Task instructions:
Among the entries below, find the lines that hold the word "with" and report them.

Data provided:
[Start of section]

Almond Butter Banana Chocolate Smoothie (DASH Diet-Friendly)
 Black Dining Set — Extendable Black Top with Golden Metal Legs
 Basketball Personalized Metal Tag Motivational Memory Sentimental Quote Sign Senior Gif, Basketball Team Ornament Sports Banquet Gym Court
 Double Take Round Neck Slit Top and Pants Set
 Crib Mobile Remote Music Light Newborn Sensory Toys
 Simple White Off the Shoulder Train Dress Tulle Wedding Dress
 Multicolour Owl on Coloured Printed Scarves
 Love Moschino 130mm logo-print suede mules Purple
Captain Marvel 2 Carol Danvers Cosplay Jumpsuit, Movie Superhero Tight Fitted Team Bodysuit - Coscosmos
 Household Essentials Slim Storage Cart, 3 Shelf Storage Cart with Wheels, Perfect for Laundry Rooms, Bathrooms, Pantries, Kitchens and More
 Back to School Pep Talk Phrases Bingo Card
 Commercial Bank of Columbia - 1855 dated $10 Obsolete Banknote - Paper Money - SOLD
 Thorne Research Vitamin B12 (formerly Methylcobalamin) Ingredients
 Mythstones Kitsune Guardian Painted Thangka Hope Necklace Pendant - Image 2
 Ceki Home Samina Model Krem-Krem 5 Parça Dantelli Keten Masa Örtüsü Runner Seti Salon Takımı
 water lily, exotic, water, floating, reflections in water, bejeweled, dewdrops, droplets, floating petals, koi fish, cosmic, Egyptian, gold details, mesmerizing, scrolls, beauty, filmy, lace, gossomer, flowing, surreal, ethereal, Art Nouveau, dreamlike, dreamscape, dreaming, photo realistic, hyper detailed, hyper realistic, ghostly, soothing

[End of section]

Result for this exercise:
 Black Dining Set — Extendable Black Top with Golden Metal Legs
 Household Essentials Slim Storage Cart, 3 Shelf Storage Cart with Wheels, Perfect for Laundry Rooms, Bathrooms, Pantries, Kitchens and More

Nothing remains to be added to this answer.